7. weak vs unowned : comment choisir ?
- weak : quand l’objet peut disparaître avant nous (cas général). Pas de crash, devient nil.
- unowned : quand l’objet est garanti vivant tant que nous existons. Non optionnel, mais crash si faux.
Règle pratique :
- Si tu hésites ? choisis
weak. - Choisis
unownedseulement quand la contrainte de durée de vie est structurelle et prouvable.
8. Le cas n°1 des cycles : closures
Les closures capturent par défaut en strong. Si un objet stocke une closure qui capture cet objet ? cycle.
final class Loader {
var onComplete: (() -> Void)?
func start() {
onComplete = {
print("done") // capture self implicite si utilisé
}
}
}
Le problème apparaît surtout quand on capture self :
final class ViewModel {
var onUpdate: (() -> Void)?
func bind() {
onUpdate = {
self.refreshUI() // self capturé strongly
}
}
func refreshUI() {}
}
Si ViewModel garde onUpdate et que onUpdate garde self,
on a un cycle.
8.1 Capture list : [weak self]
onUpdate = { [weak self] in
guard let self else { return }
self.refreshUI()
}
8.2 Capture list : [unowned self]
onUpdate = { [unowned self] in
self.refreshUI()
}
Attention : si la closure peut être appelée après la désallocation,
unowned crash. Exemple typique : callbacks async, timers, publishers.
9. Le cas n°2 : delegate pattern (UIKit)
Le pattern delegate crée très souvent un cycle : le parent possède l’enfant, l’enfant référence le parent comme delegate.
Convention iOS : un delegate est weak.
protocol CellDelegate: AnyObject {
func didTap()
}
final class MyCell {
weak var delegate: CellDelegate?
}
AnyObject est nécessaire pour pouvoir déclarer weak
(weak ne s’applique qu’aux types référence).
10. Détails internes : où est stocké le refcount ?
Conceptuellement, le runtime Swift/ObjC stocke des informations de gestion mémoire associées à chaque objet :
- compteurs strong (retain/release),
- compteurs weak,
- métadonnées (type, flags runtime).
Dans de nombreux cas, des bits de comptage sont stockés “inline” dans l’objet, et des structures auxiliaires (“side tables”) sont utilisées quand :
- il y a des références weak à suivre (zeroing),
- le comptage devient plus complexe (overflow, flags),
- interop Objective-C.
Pour un dev iOS, l’important est le comportement observable :
- strong garde en vie,
- weak ne garde pas en vie et devient nil,
- unowned ne garde pas en vie et peut crasher si mal utilisé.

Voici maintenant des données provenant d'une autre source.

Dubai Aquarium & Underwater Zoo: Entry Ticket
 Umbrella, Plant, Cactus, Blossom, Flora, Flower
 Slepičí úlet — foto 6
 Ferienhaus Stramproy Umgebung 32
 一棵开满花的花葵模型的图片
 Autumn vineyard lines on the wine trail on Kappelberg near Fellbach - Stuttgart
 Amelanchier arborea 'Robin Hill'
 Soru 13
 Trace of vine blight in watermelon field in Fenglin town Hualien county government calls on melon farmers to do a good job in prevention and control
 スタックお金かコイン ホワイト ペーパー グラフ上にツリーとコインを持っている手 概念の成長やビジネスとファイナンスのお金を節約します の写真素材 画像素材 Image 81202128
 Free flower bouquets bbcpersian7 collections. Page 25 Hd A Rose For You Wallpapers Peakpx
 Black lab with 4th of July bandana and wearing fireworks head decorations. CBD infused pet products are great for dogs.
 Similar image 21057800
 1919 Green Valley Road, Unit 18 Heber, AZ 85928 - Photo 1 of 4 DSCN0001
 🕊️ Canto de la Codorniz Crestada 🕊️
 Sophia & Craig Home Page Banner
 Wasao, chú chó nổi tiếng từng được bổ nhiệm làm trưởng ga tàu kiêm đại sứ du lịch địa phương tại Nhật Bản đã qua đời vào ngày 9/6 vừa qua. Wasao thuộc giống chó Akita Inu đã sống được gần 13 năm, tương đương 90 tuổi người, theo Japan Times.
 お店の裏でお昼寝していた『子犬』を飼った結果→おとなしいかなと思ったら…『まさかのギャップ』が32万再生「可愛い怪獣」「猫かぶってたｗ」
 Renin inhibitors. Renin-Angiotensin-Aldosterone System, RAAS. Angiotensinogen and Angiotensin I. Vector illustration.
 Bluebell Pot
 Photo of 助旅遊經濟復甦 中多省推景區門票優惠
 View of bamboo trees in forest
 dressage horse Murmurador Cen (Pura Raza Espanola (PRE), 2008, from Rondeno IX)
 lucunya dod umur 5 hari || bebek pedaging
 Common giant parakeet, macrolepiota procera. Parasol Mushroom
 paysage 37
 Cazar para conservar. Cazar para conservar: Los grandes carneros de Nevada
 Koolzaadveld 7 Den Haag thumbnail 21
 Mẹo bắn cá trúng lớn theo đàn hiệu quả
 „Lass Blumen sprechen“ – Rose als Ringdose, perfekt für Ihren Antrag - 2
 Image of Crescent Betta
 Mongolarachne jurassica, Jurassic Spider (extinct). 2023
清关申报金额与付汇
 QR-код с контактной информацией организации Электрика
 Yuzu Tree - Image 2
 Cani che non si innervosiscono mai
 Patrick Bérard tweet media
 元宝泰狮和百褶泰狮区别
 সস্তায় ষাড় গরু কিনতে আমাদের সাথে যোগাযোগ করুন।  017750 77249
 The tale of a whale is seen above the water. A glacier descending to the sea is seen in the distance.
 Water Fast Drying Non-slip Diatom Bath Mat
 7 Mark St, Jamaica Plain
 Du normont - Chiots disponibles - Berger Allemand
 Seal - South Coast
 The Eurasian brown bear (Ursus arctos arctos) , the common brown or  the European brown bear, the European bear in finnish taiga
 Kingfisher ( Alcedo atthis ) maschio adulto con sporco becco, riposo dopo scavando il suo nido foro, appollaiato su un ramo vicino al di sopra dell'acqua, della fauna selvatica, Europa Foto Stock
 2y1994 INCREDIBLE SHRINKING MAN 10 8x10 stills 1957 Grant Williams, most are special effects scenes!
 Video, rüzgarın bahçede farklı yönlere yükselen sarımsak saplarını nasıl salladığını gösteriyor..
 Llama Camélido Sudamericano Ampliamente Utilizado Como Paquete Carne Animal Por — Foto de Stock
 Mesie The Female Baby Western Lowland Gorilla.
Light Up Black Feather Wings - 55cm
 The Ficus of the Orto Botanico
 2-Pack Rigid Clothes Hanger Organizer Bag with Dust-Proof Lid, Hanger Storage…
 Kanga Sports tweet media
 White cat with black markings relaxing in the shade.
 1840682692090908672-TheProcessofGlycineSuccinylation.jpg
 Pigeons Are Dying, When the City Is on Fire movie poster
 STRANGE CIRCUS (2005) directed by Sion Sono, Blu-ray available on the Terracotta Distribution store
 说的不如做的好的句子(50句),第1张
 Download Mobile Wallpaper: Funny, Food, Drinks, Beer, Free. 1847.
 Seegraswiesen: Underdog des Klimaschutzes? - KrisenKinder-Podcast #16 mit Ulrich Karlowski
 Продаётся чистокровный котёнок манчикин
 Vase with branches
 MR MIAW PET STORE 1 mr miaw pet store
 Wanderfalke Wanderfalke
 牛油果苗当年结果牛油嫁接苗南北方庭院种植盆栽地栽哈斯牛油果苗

11. Cas pratiques avancés et pièges
11.1 Timer / CADisplayLink
Les timers retiennent souvent leur target / closure. Il faut casser la chaîne à la fin :
final class Poller {
private var timer: Timer?
func start() {
timer = Timer.scheduledTimer(withTimeInterval: 1.0, repeats: true) { [weak self] _ in
self?.tick()
}
}
func stop() {
timer?.invalidate()
timer = nil
}
private func tick() {}
}
11.2 Combine / NotificationCenter
Les subscriptions peuvent prolonger la vie si on stocke fort des closures capturant self.
Pattern fréquent : [weak self] + annulation explicite.
11.3 SwiftUI
SwiftUI recrée souvent des vues (value types), mais les objets observés (ObservableObject) sont des références. Les cycles apparaissent surtout dans les services / view models / publishers et closures async.
12. Bonnes pratiques professionnelles
- Delegate : presque toujours
weak. - Closures stockées (properties) : penser systématiquement à la capture list.
- Callbacks async : préférer
[weak self](car la tâche peut finir tard). unownedseulement quand la relation de durée de vie est garantie et stable.- Utiliser Instruments (Leaks, Allocations) pour valider en réel.
Conclusion
ARC rend la gestion mémoire largement automatique en Swift, mais il ne peut pas “deviner” l’intention architecturale : les cycles strong-strong restent possibles.
Comprendre weak et unowned, savoir où les utiliser,
et reconnaître les patterns à risque (closures, delegates, timers, subscriptions)
est une compétence essentielle pour produire des apps iOS stables et performantes.